The Initial Impact and Terror of the Bondi Attack Is Transitioning to Anger and Division. We Must Seek Out the Light.
While Australia settles into for a customary Christmas holiday during slow-moving days of coast and scorching heat accompanied by the background of Test cricket and insect sounds, this year the country’s summer atmosphere feels, sadly, like none before.
It would be a dramatic oversimplification to characterize the collective temperament after the antisemitic terrorist attack on Australian Jews during Bondi Hanukah celebrations as one of mere discontent.
Throughout the country, but especially than in Sydney – the most iconically beautiful of Australian cities – a tenor of initial surprise, sorrow and horror is shifting to anger and bitter division.
Those who had previously missed the often voiced fears of the Jewish community are now acutely aware.
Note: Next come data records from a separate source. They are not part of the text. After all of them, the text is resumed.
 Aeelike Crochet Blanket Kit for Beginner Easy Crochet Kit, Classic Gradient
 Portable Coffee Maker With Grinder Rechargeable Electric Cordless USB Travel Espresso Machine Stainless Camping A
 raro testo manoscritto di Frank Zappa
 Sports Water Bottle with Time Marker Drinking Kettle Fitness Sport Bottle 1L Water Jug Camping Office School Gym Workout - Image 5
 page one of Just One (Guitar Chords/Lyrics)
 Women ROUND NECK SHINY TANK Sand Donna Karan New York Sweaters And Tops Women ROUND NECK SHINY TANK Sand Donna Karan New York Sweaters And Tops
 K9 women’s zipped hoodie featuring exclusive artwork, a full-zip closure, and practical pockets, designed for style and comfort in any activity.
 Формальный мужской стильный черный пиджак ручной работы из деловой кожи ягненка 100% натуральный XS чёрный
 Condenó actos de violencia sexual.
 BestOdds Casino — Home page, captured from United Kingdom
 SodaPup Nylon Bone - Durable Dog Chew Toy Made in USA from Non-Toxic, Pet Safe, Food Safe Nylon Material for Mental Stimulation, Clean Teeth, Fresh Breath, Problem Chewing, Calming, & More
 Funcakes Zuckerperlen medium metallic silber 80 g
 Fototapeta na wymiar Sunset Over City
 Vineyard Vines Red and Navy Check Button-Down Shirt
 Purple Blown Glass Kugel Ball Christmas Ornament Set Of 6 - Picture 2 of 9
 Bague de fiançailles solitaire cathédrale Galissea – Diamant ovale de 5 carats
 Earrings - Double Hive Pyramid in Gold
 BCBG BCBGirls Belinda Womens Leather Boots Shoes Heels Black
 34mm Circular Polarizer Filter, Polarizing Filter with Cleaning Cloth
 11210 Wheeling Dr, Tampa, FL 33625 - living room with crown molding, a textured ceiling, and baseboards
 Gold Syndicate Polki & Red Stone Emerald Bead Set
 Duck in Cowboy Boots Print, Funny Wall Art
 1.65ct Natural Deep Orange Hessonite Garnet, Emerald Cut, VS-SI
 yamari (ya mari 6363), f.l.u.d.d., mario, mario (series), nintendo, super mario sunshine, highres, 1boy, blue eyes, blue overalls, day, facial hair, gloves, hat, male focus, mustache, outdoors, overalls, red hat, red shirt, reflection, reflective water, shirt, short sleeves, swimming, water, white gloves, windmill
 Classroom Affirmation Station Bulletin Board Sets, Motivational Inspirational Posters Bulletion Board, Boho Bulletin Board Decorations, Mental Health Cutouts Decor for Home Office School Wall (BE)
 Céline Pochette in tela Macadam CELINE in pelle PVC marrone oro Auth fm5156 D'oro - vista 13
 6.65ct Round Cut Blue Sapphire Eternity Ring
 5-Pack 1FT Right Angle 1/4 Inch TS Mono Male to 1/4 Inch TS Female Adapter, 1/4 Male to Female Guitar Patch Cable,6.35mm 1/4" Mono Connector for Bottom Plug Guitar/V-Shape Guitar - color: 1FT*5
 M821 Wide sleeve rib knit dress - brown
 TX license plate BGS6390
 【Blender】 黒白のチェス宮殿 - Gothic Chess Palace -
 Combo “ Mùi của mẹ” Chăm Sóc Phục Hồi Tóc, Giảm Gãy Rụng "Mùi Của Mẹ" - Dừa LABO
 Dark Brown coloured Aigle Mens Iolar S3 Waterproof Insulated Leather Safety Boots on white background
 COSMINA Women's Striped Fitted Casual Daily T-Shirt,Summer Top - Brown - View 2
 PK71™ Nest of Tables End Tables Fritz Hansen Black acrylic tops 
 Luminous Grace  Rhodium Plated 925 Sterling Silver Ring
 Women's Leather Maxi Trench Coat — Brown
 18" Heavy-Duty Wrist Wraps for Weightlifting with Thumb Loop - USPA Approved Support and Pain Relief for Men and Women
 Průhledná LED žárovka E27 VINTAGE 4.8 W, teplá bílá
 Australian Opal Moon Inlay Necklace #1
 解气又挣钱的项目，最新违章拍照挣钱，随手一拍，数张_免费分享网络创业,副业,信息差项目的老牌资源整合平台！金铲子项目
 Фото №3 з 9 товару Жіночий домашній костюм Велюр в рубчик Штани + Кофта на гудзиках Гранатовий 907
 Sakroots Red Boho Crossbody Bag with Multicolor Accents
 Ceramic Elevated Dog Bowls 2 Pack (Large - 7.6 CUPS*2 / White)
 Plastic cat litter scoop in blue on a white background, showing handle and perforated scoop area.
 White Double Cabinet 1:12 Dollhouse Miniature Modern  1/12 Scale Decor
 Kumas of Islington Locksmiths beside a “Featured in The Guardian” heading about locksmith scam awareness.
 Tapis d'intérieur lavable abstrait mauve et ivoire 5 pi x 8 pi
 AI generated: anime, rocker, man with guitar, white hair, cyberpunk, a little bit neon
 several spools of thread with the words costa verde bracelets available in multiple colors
Just as, they are attuned to balancing the need for a much more immediate, vigorous government and institutional crackdown against anti-Jewish hatred with the right to peacefully protest against mass atrocities.
If ever there was a time for a countrywide dialogue, it is now, when our belief in mankind is so sorely diminished. This is especially so for those of us fortunate enough never to have endured the hatred and fear of faith-based persecution on this land or anywhere else.
And yet the social media feeds keep spewing at us the trite instant opinions of those with inflammatory, polarizing stances but little understanding at all of that terrifying fragility.
This is a time when I lament not having a stronger faith. I lament, because having faith in humanity – in mankind’s potential for kindness – has let us down so acutely. Something else, something higher, is required.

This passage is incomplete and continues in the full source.